> How to complete this task
For this listing, the lines between the one holding "Picture 5 of 15" and the one holding "Ama Bracelet in", inclusive, must be set down exactly.

> Provided data
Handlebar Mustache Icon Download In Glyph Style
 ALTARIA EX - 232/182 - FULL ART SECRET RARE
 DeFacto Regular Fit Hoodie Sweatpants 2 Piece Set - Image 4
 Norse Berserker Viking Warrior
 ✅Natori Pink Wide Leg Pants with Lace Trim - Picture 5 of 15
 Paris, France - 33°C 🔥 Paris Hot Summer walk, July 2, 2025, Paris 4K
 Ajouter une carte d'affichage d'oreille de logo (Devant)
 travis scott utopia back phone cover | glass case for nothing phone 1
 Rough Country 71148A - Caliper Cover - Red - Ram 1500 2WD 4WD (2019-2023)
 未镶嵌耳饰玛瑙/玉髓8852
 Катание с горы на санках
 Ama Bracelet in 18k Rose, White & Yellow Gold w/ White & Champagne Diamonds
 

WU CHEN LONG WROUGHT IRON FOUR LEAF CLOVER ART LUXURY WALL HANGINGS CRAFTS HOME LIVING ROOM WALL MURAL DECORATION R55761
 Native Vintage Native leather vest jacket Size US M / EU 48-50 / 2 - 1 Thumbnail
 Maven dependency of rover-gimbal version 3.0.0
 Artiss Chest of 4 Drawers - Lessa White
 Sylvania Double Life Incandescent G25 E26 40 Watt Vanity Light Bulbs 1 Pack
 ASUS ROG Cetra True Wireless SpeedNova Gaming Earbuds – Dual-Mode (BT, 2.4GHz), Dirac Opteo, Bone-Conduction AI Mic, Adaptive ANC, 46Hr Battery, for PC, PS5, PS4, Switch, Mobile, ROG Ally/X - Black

> Completed exercise
 ✅Natori Pink Wide Leg Pants with Lace Trim - Picture 5 of 15
 Paris, France - 33°C 🔥 Paris Hot Summer walk, July 2, 2025, Paris 4K
 Ajouter une carte d'affichage d'oreille de logo (Devant)
 travis scott utopia back phone cover | glass case for nothing phone 1
 Rough Country 71148A - Caliper Cover - Red - Ram 1500 2WD 4WD (2019-2023)
 未镶嵌耳饰玛瑙/玉髓8852
 Катание с горы на санках
 Ama Bracelet in 18k Rose, White & Yellow Gold w/ White & Champagne Diamonds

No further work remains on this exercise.